**What you have to do:** The lines from the start of the records through the one containing "MAZDA 3 TOURING" are to be transcribed exactly, and nothing else.

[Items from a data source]
_ _ _ _ _ _ _

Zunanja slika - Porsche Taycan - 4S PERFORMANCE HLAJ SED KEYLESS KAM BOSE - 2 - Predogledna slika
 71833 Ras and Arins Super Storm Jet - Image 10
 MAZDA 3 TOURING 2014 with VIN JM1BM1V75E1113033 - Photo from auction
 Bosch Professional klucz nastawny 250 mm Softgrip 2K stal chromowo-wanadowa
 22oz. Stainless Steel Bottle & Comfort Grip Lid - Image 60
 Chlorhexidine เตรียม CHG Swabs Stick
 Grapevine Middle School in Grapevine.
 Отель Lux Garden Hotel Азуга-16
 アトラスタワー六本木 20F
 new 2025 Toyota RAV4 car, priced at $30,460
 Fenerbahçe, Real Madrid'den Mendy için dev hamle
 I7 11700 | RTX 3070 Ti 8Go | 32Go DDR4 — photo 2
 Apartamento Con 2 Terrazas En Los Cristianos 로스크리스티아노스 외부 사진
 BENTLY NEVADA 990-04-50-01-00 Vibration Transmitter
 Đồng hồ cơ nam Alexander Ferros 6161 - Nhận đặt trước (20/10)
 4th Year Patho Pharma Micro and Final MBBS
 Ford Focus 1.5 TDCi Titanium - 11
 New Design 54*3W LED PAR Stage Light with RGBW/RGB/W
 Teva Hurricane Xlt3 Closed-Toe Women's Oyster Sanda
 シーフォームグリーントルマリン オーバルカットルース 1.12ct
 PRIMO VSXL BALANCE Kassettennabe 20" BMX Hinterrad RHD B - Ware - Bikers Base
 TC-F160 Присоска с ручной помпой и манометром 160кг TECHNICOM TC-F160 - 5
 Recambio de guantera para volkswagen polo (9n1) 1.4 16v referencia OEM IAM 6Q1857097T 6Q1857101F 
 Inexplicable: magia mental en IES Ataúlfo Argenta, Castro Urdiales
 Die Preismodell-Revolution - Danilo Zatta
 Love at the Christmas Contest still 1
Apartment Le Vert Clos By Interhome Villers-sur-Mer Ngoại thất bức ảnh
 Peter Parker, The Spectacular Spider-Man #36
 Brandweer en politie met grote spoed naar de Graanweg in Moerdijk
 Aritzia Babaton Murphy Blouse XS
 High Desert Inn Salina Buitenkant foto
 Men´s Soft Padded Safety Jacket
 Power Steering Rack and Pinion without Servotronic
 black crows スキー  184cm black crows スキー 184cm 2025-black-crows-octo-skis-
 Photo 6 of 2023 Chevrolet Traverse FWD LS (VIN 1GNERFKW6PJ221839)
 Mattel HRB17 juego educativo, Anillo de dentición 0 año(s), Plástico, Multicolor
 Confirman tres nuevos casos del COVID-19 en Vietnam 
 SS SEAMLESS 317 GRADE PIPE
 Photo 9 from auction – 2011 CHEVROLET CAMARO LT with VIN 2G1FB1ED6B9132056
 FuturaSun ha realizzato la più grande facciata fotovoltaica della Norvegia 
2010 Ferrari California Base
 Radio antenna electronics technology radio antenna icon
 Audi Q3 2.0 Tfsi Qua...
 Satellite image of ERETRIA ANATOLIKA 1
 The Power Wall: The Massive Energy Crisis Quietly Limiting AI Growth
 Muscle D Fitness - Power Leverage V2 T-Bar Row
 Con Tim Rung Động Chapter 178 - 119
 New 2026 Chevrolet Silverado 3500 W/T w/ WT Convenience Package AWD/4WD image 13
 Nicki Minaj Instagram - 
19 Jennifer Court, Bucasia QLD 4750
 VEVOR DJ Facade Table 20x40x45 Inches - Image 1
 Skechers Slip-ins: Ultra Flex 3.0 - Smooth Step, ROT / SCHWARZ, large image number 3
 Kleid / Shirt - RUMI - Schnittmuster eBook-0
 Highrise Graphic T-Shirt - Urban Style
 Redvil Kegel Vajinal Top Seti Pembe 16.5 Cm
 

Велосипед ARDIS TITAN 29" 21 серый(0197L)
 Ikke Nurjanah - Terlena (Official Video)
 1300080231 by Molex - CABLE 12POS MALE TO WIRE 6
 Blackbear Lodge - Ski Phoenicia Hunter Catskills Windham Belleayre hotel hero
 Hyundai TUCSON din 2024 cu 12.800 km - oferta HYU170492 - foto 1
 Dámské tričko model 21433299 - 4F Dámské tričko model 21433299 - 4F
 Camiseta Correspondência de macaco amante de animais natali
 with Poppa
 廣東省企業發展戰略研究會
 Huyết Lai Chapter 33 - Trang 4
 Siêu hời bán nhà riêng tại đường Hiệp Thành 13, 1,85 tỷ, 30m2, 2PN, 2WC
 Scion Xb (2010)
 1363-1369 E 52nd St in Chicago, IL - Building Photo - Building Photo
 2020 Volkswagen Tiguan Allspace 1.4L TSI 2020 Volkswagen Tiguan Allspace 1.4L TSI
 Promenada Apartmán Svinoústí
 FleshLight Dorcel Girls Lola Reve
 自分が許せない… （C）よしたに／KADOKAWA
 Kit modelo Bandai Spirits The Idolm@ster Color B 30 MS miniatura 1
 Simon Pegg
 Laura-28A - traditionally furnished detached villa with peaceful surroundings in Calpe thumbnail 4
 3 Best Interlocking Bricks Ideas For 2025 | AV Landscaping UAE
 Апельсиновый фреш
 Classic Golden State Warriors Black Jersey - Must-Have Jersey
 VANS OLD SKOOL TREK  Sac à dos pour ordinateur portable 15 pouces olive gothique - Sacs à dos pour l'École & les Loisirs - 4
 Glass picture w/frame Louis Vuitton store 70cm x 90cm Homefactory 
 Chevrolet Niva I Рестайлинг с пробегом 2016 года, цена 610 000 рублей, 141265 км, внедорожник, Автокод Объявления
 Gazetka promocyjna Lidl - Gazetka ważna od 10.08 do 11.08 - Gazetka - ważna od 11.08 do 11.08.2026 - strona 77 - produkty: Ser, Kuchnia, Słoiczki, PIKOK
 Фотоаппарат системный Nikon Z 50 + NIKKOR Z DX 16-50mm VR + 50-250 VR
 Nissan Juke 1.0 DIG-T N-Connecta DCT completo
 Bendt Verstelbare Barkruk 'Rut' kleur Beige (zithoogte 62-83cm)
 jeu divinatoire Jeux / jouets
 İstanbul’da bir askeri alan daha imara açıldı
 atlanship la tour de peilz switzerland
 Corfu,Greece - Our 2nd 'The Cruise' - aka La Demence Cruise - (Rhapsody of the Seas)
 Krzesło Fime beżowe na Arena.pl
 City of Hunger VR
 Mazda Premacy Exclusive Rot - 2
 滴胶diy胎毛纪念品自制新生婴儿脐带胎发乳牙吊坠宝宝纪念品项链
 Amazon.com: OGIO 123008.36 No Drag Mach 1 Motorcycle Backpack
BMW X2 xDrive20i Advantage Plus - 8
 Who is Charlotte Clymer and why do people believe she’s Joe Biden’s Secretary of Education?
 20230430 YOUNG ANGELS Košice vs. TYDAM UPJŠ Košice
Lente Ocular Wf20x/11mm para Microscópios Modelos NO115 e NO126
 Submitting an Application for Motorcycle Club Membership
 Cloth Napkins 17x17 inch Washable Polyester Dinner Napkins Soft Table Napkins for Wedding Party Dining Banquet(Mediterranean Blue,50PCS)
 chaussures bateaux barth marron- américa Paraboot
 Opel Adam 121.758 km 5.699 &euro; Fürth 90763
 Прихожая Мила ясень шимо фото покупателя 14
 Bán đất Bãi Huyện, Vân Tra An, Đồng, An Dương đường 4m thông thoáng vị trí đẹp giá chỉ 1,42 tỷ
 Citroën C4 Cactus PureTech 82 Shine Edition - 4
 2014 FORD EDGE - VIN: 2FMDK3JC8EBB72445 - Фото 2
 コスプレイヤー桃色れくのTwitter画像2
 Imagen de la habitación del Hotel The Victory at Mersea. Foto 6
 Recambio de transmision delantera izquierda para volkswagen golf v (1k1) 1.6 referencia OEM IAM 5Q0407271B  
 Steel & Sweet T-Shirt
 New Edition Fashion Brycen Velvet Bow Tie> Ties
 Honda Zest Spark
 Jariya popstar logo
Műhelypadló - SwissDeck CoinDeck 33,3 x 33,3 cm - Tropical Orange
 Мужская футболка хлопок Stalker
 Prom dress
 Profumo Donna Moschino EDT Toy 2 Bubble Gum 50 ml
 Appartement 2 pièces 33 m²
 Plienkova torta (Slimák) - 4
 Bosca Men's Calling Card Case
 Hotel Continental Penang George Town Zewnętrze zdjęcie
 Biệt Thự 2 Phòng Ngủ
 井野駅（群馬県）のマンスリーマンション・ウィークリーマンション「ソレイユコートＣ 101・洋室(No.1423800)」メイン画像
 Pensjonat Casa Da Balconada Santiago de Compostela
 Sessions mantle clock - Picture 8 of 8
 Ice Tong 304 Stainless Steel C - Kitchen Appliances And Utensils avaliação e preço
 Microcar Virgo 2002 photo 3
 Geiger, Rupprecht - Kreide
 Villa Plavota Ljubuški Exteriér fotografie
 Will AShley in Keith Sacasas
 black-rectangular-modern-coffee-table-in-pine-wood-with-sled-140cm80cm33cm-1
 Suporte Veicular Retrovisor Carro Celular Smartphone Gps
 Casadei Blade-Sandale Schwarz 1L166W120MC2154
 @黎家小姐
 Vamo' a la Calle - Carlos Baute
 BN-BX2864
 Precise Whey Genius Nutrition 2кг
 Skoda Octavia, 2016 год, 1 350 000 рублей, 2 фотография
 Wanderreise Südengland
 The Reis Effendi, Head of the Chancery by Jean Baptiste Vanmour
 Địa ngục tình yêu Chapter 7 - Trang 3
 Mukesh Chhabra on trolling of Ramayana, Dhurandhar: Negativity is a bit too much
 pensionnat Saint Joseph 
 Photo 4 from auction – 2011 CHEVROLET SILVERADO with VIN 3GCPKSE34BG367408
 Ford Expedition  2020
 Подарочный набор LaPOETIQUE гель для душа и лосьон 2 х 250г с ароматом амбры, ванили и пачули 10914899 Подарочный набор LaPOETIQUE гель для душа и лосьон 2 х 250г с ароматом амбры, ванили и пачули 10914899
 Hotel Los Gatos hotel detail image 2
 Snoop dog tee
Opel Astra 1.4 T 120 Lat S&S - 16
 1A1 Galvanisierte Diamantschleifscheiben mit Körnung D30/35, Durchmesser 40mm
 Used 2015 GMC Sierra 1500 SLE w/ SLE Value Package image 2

_ _ _ _ _ _ _

**Expected answer:**
Zunanja slika - Porsche Taycan - 4S PERFORMANCE HLAJ SED KEYLESS KAM BOSE - 2 - Predogledna slika
 71833 Ras and Arins Super Storm Jet - Image 10
 MAZDA 3 TOURING 2014 with VIN JM1BM1V75E1113033 - Photo from auction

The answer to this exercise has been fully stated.